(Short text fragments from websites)
============
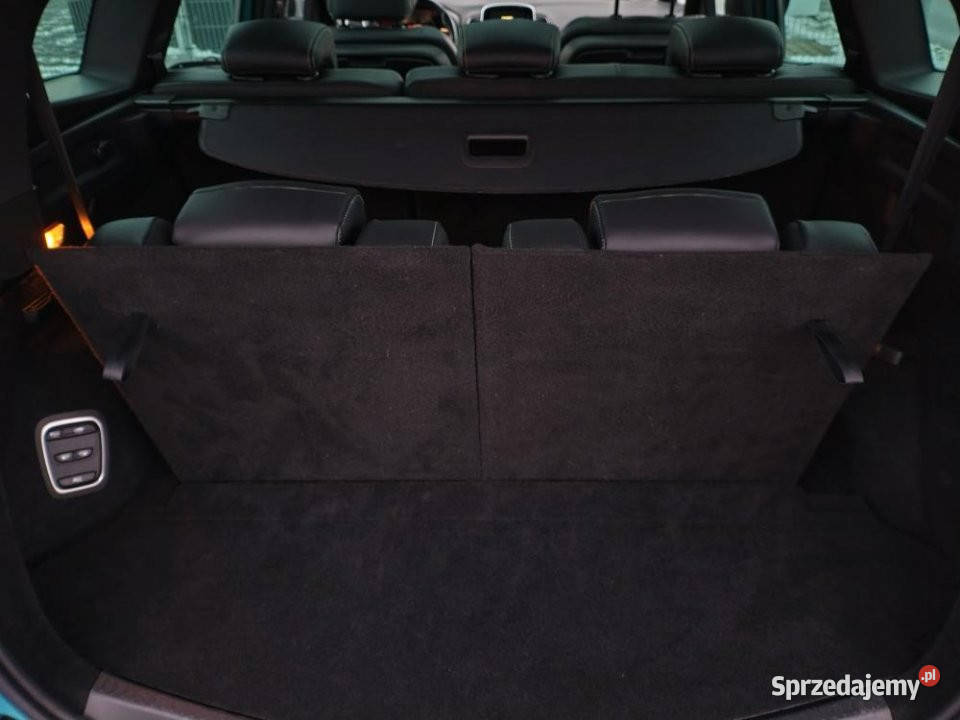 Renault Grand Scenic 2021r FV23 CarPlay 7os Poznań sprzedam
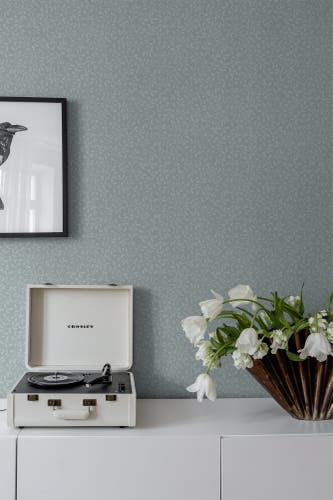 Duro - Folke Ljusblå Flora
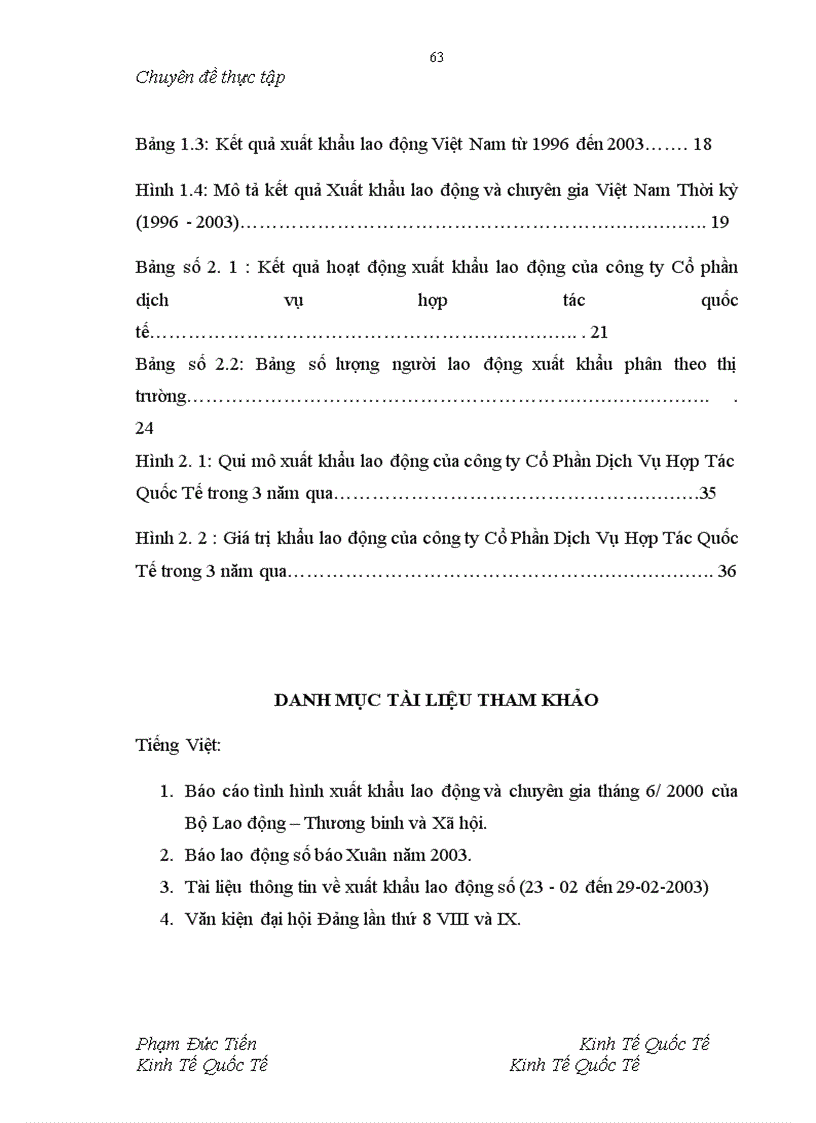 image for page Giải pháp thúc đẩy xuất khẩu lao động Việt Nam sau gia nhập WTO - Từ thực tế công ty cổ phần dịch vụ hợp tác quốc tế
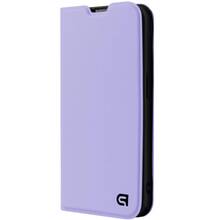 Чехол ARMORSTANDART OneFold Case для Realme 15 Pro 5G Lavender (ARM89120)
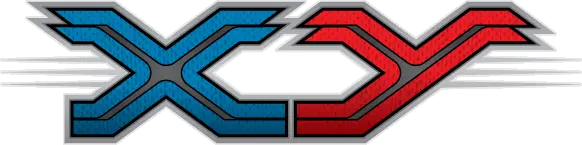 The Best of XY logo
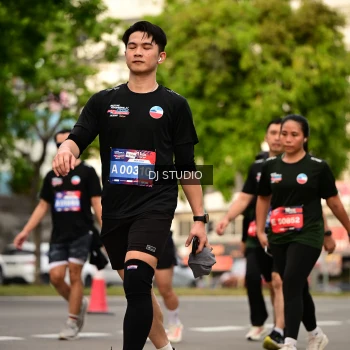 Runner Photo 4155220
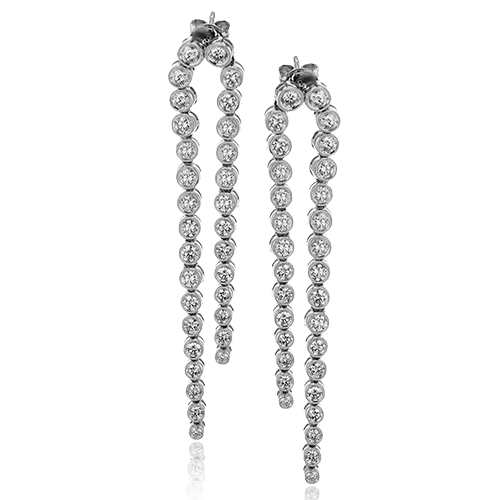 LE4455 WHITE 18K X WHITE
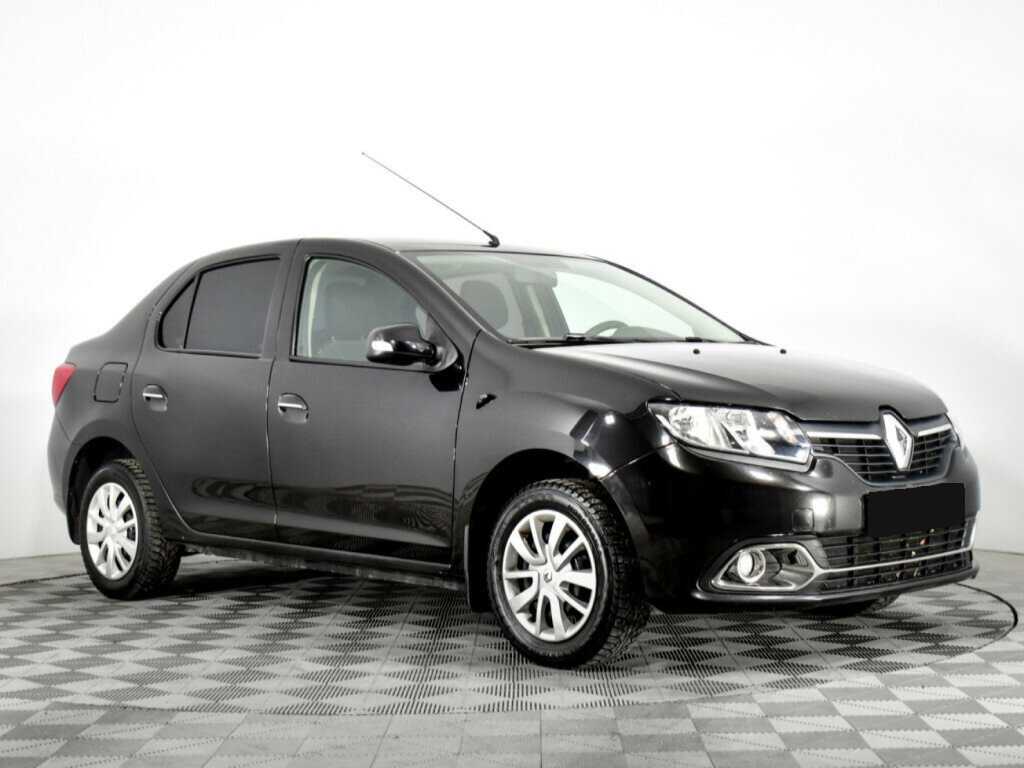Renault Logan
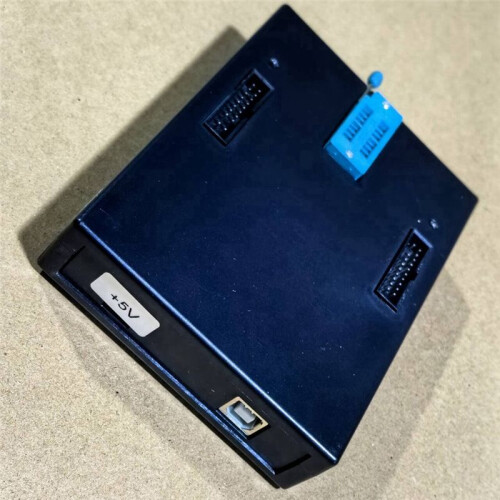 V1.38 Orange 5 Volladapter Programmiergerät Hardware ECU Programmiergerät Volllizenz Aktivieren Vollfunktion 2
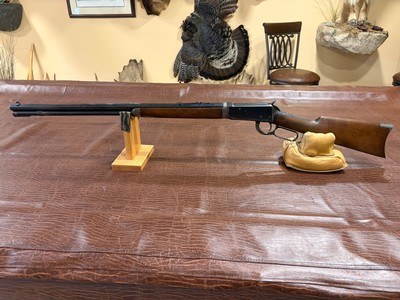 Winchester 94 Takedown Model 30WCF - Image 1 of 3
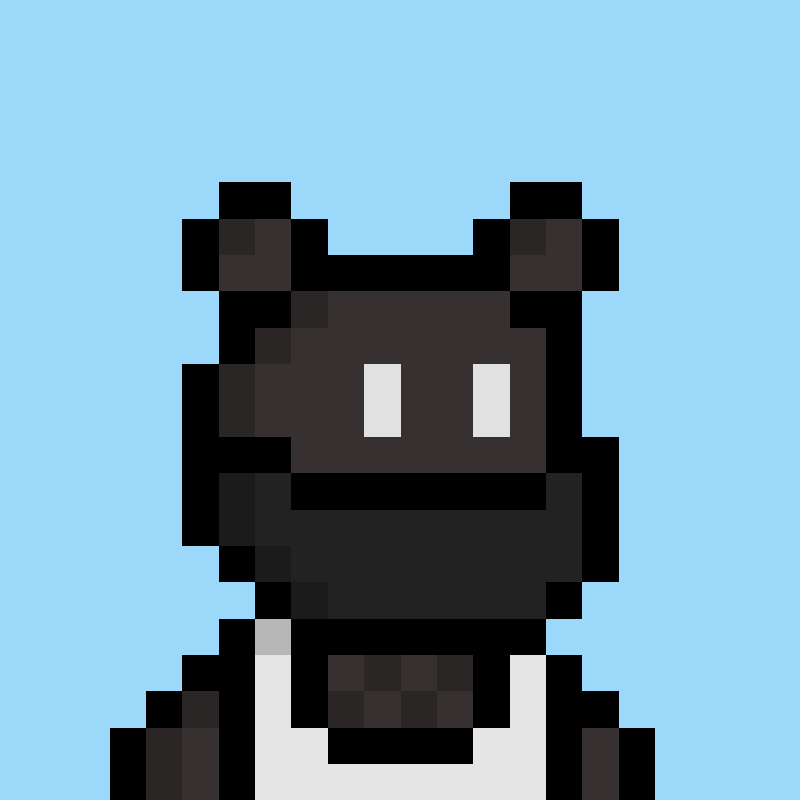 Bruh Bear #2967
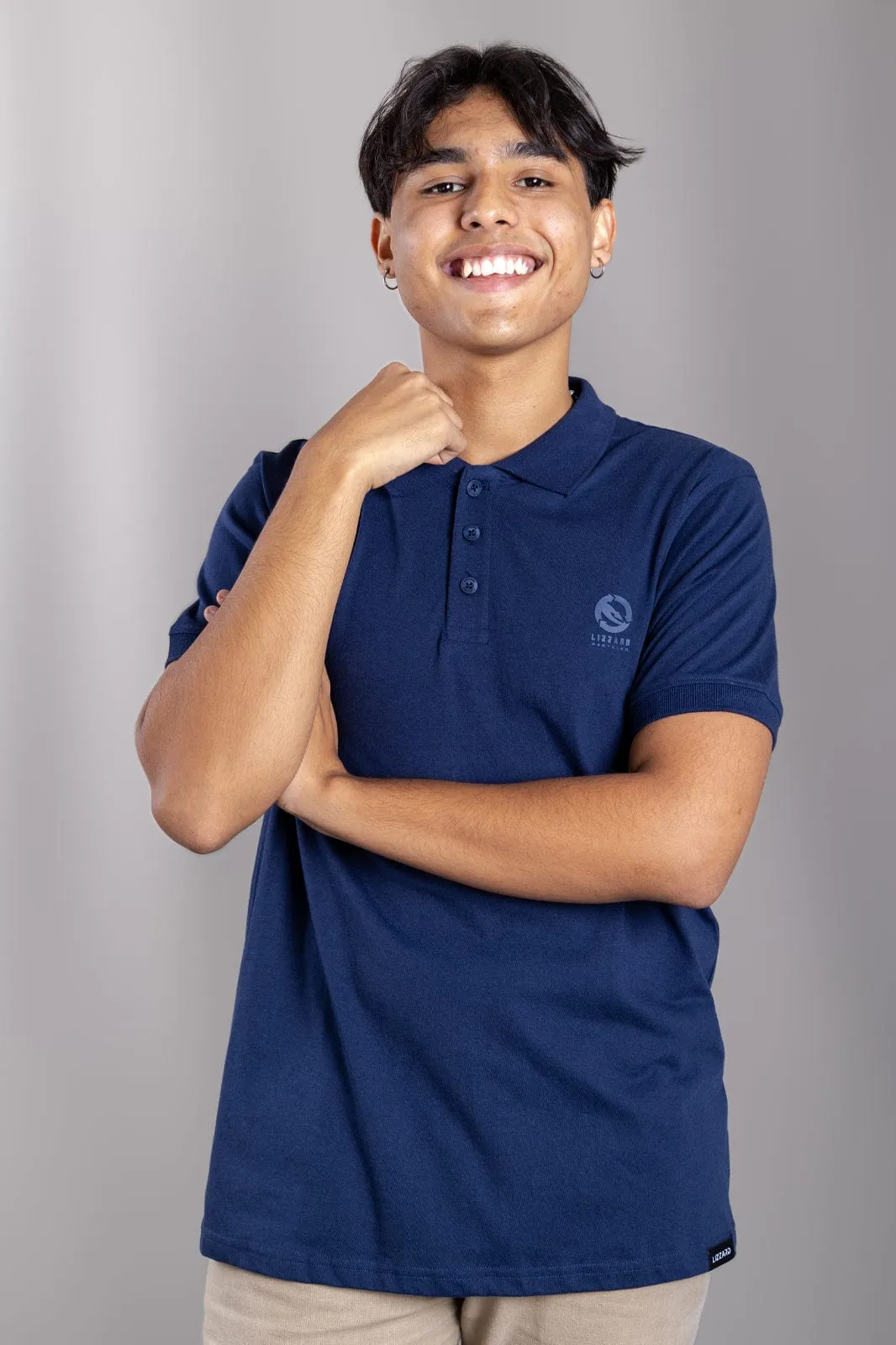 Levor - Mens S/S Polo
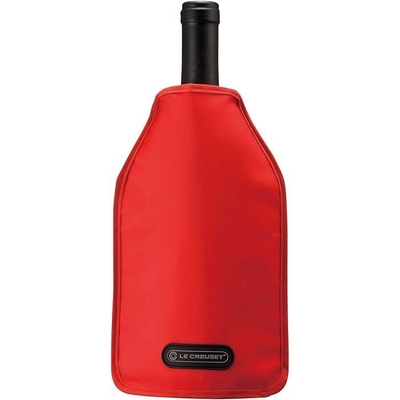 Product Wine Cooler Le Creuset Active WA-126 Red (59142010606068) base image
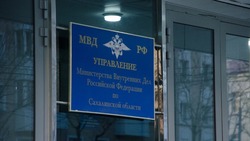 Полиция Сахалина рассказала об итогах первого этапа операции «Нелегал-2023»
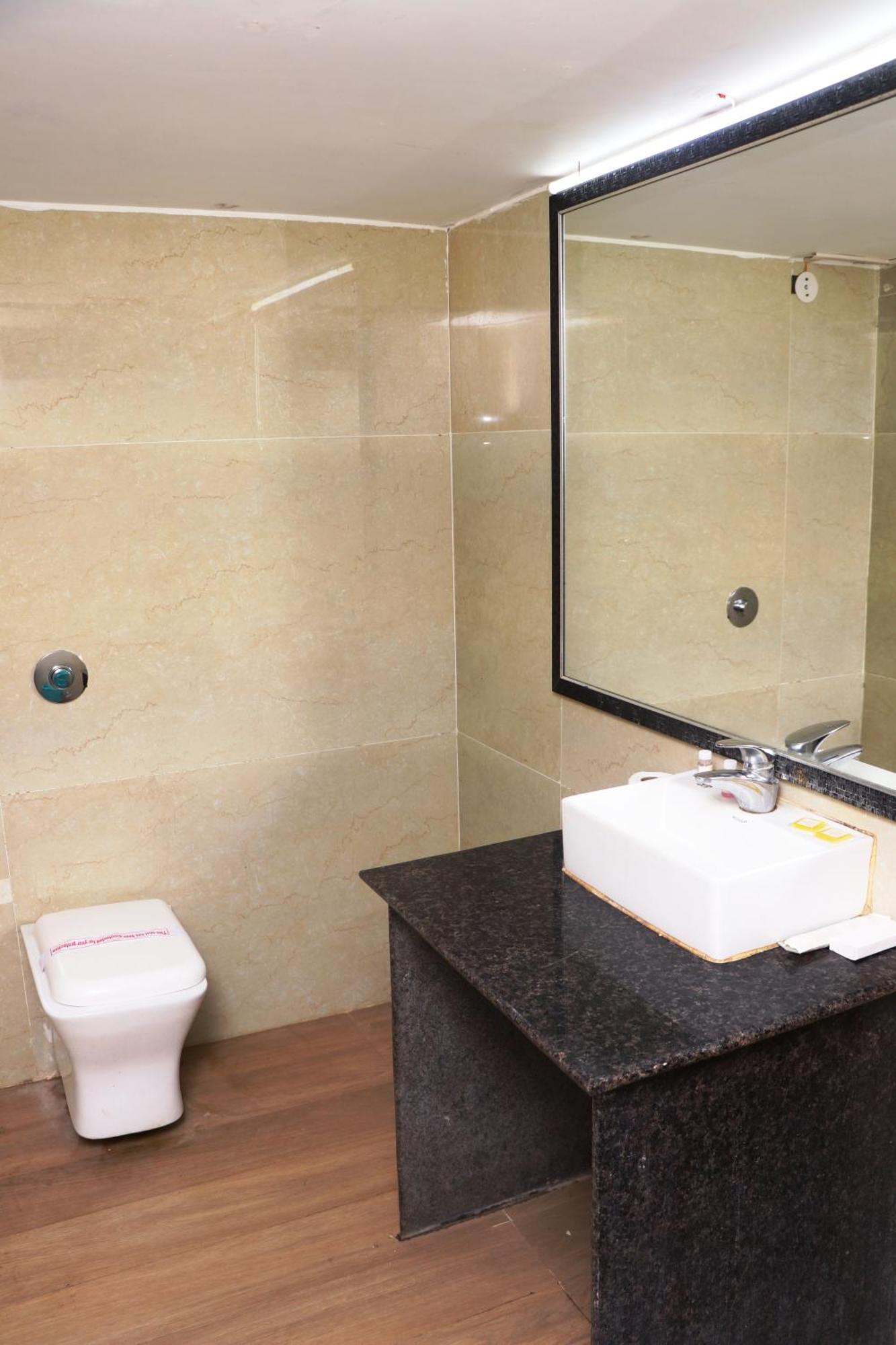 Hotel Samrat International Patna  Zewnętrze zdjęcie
============
* What the task requires
Every entry above needs to be duplicated exactly, without its images.

* Response
 Renault Grand Scenic 2021r FV23 CarPlay 7os Poznań sprzedam
 Duro - Folke Ljusblå Flora
 image for page Giải pháp thúc đẩy xuất khẩu lao động Việt Nam sau gia nhập WTO - Từ thực tế công ty cổ phần dịch vụ hợp tác quốc tế
 Чехол ARMORSTANDART OneFold Case для Realme 15 Pro 5G Lavender (ARM89120)
 The Best of XY logo
 Runner Photo 4155220
 LE4455 WHITE 18K X WHITE
Renault Logan
 V1.38 Orange 5 Volladapter Programmiergerät Hardware ECU Programmiergerät Volllizenz Aktivieren Vollfunktion 2
 Winchester 94 Takedown Model 30WCF - Image 1 of 3
 Bruh Bear #2967
 Levor - Mens S/S Polo
 Product Wine Cooler Le Creuset Active WA-126 Red (59142010606068) base image
 Полиция Сахалина рассказала об итогах первого этапа операции «Нелегал-2023»
 Hotel Samrat International Patna  Zewnętrze zdjęcie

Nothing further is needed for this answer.